At the time of writing this article, the United States is in the midst of a number of policy debates that will have an enormous effect on Jason’s life and health (Kessler, 2018). Long-term funding and access to health care is a contentious and unsettled issue. Ecologically aware counselors should both monitor and engage in the unfolding policy debates related to the funding of substance abuse treatment and other ongoing services Jason and clients like him need now and in the future.

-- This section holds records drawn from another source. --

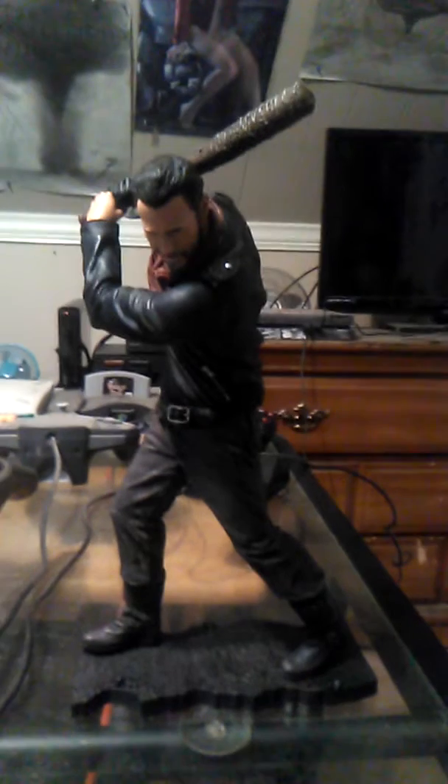It's a pretty nice collectible. If you are a huge fan of The Walking Dead, this is what you would have in your collection. It's real nice.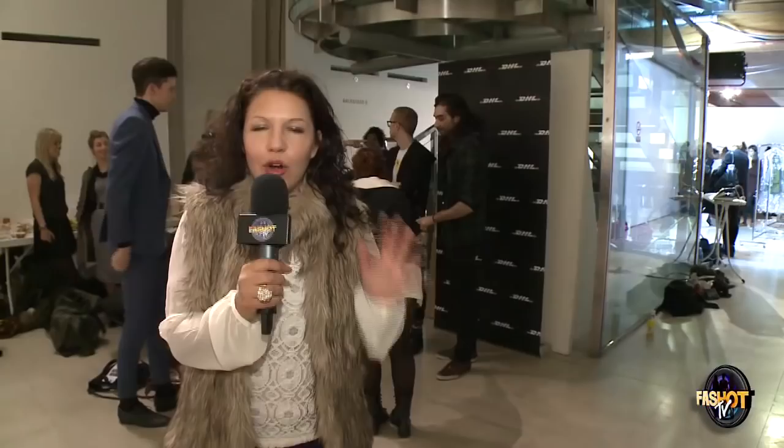What an amazing show — we hope you enjoyed watching it as much as we did. Still to come today we've got Jean-Pierre Braganza, and as always don't forget you can keep up to date with all the latest London fashion news by following us on Twitter and Facebook. Thanks for watching.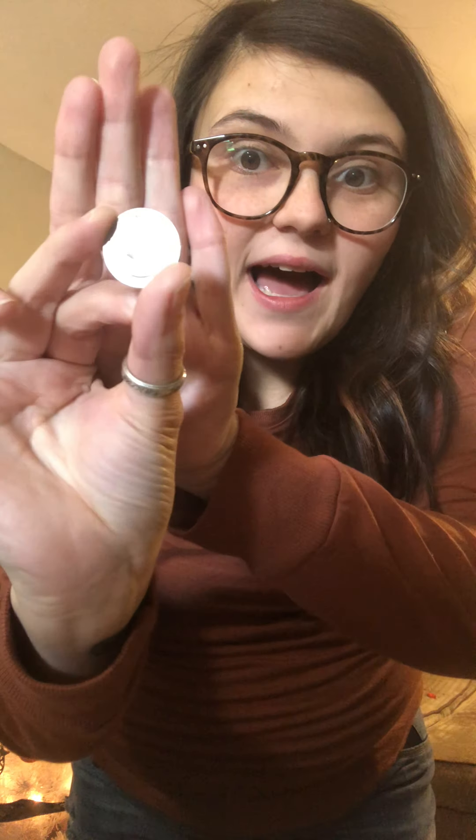Our first coin is a quarter. A quarter is worth twenty-five cents. Counting by ones: one, two, three... twenty-five. Counting by fives: five, ten, fifteen, twenty, twenty-five. We look at this quarter and it is silver and brown and it's got George Washington's face on it.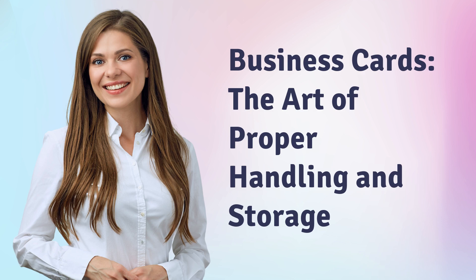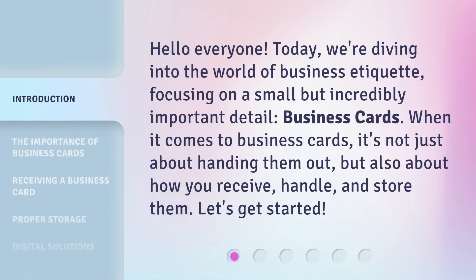Business Cards: The Art of Proper Handling and Storage. Hello, everyone. Today, we're diving into the world of business etiquette, focusing on a small but incredibly important detail — business cards. When it comes to business cards, it's not just about handing them out, but also about how you receive, handle, and store them. Let's get started.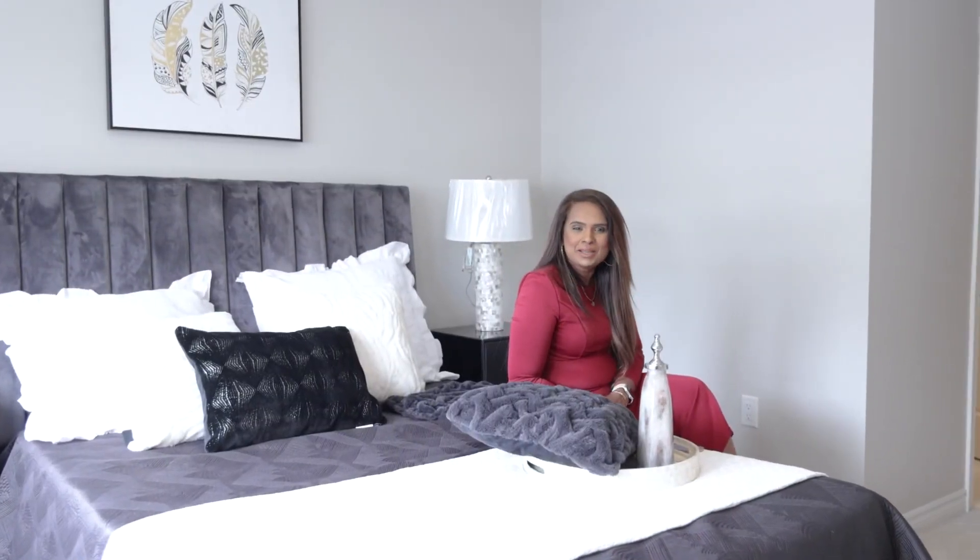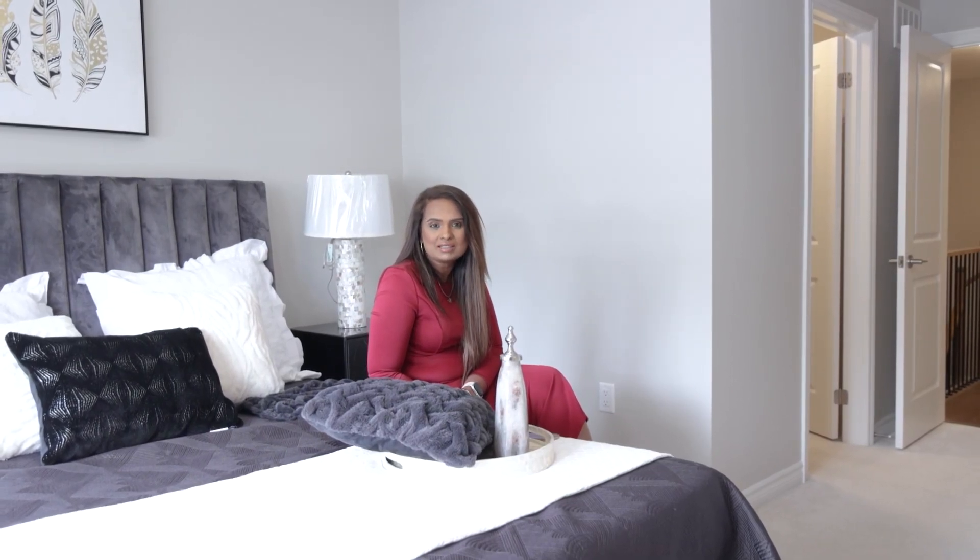This master bedroom is perfect for busy couples. It comes with his and her master closets, which means no more battling for your own space. Get ready comfortably.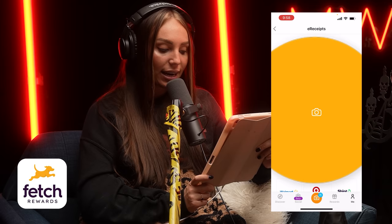All right, everybody, we are back again with a sponsor by Fetch. Fetch is a super easy to use free app where you earn free rewards on literally anything you buy. Scan any physical receipt or e-receipt and you will earn points for every purchase. Even if you have receipts that are up to two weeks old, you can still scan them and start earning points. After you scan,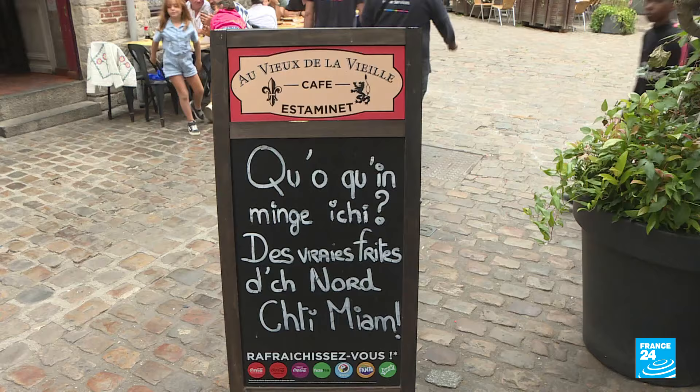François and Olivier, thank you so much for having us today in Au Vieux de la Vieille, which is a typical restaurant of Lille. It seems like most French cities have a typical restaurant — you have the Bouchon in Lyon, the Bouillon in Paris, and the estaminé in Lille. What is an estaminé?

Furthermore, economic trends toward clean energy, globalization, technology, urbanization, and higher education continue to accelerate; the world is already a different place than when Jason first started working, or when he first started using drugs as a means to cope with pain. Jason and those seeking to help him must have accurate, up-to-date knowledge of how industry trends are impacting local and regional sectors, and devise strategies to engage and compete in the current economic environment.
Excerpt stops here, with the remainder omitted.